=== DATA SUPPLIED ===
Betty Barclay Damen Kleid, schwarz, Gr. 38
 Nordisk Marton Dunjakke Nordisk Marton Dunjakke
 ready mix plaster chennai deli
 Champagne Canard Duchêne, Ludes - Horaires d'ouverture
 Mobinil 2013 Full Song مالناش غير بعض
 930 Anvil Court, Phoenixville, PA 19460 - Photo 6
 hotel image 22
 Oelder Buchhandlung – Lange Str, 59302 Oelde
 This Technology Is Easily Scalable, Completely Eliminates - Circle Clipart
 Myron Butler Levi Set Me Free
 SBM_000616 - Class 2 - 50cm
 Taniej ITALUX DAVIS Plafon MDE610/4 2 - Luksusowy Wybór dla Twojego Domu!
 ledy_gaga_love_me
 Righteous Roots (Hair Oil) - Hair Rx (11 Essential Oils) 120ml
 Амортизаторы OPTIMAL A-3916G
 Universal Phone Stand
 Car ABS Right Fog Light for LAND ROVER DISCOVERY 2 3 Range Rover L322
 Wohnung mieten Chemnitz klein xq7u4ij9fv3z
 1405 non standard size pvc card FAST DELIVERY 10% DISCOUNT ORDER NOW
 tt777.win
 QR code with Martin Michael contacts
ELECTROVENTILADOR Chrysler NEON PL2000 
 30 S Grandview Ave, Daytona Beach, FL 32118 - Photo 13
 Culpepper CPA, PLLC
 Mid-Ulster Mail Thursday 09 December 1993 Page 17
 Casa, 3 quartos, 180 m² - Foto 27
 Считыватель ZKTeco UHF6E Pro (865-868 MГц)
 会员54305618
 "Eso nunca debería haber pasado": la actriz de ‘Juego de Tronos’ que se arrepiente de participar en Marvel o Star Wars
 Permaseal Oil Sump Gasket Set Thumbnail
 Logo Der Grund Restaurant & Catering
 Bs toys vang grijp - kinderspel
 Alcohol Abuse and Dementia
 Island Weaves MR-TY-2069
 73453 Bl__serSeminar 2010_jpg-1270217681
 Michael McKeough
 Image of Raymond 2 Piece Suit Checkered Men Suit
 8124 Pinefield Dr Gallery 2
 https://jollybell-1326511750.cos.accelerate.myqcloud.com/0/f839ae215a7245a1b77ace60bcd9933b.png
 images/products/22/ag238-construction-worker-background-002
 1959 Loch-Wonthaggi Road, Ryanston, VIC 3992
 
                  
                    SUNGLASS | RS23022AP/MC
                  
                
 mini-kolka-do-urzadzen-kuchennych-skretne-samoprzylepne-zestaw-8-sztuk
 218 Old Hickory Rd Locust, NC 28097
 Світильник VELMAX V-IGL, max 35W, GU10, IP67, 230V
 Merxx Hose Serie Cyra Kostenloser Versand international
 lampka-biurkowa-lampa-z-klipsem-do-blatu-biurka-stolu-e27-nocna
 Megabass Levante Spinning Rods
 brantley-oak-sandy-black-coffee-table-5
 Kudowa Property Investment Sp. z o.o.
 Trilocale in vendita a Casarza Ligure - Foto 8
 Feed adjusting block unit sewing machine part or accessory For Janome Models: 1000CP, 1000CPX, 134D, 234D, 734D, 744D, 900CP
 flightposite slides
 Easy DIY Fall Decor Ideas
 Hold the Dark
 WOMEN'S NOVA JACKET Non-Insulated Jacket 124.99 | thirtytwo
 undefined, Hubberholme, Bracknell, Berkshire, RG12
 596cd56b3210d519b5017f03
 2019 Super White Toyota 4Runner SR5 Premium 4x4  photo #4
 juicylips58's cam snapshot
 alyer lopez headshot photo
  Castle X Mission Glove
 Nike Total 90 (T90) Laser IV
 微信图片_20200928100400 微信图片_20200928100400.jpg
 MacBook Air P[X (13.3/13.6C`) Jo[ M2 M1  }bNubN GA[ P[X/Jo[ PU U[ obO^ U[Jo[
===
§ **ASSIGNMENT**
Please copy each line of the material that has the string "Foto" somewhere in it.

§ **TASK SOLUTION**
 Casa, 3 quartos, 180 m² - Foto 27
 Trilocale in vendita a Casarza Ligure - Foto 8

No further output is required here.